New Delhi: The Centre announced Tuesday that it will install micro seismic observation systems at Joshimath, the gradually sinking Himalayan town in Uttarakhand. Earth Sciences Minister Jitendra Singh made the announcement at the India-UK Workshop of Geosciences here and said the observation systems will be in place by Wednesday.
Addressing the workshop, Jitendra Singh said there was a critical need for fundamental research on the physical processes that lead to failure of the brittle layers beneath the crust and sub-crust.

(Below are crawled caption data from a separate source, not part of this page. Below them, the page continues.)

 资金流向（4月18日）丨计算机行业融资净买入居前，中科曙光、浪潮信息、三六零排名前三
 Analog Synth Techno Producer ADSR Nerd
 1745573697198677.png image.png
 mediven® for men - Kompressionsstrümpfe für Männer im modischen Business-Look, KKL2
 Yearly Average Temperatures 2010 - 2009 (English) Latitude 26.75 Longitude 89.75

Singh noted that human consequences of natural disasters in India were rising rapidly and stressed on the need to devise proper mitigation strategies. Singh said the Ministry of Earth Sciences had established 37 new seismological centres in the last two years for extensive observation facilities, generating a huge database for outcome-oriented analytics.

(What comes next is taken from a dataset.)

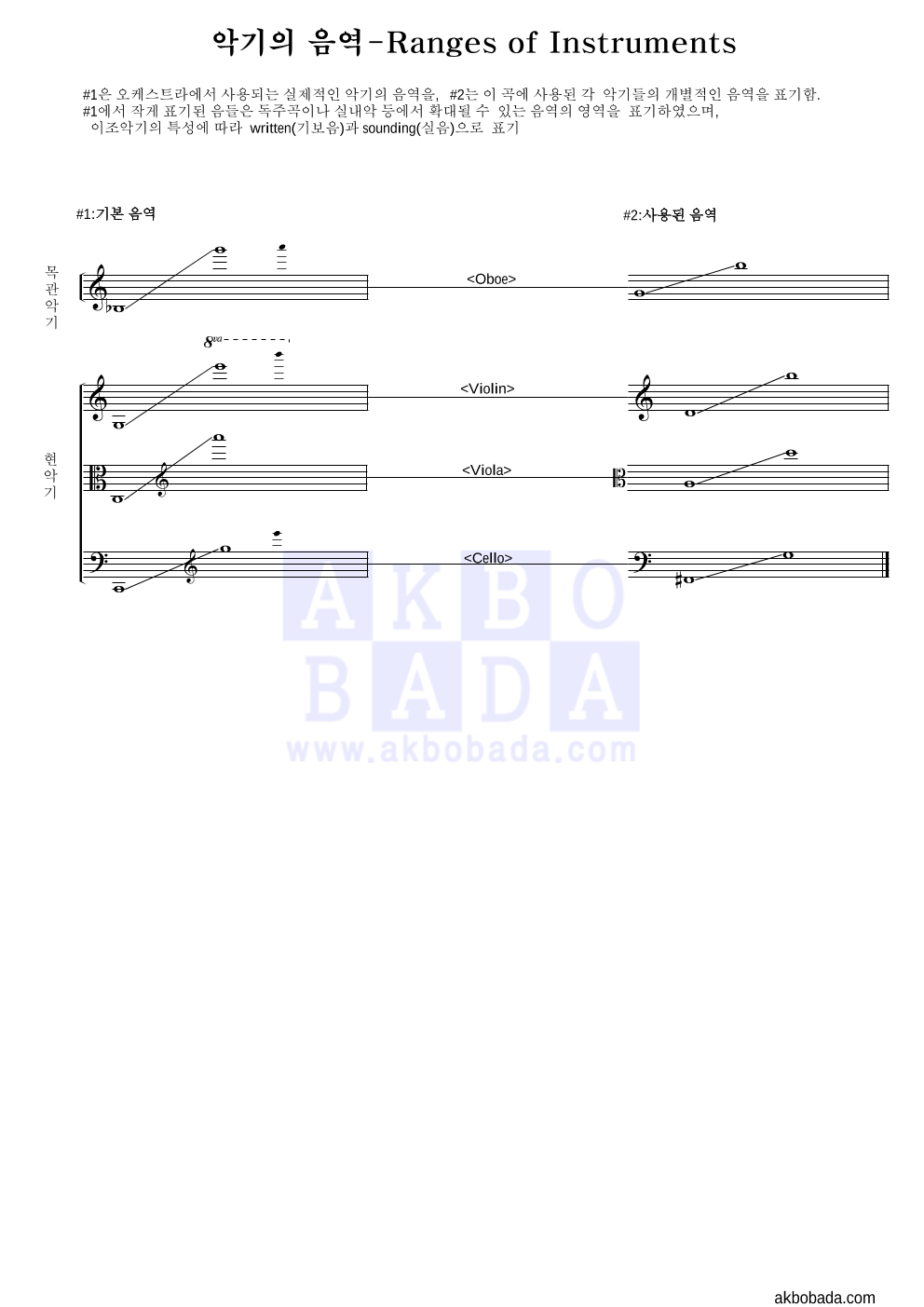 Ennio Morricone - Gabriel's Oboe 편성Ⅰ 악보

The minister pointed out that in the next five years, 100 more such seismological centres will be opened across India for improving real time data monitoring and data collection.
Officials said seismic microzonation study for the area would generate risk resilient parameters for safer dwellings and infrastructure. They said Joshimath falls under the highest seismic ‘Hazard Zone V’ as it experiences continuous seismogenic stresses.
Seismic energy generation due to micro-earthquakes may have weakened the strength of the rocks as Joshimath is located in the earthquake rupture zone of the 1999 Chamoli earthquake, the officials pointed out.
Climatic factors such as excessive precipitation and flow of water from mountains into massive cracks and fractures in the sub-surface rocks lead to widening of cracks and hastening the slip in rock material, Singh informed.
Addressing the workshop, Singh said scientific understanding of the processes behind disasters has grown immensely over the past 50 years. There is a need for strengthening further international collaborations like the Indo-UK initiative to fight such disasters.
The two-day workshop was attended by British High Commissioner Alex Ellis; Wendy Matcham, head, Natural Environment Research Council (NERC), UK Research and Innovation (UKRI); OP Mishra, director, National Centre for Seismology and Sukanya Kumar, acting director, UK Research and Innovation India.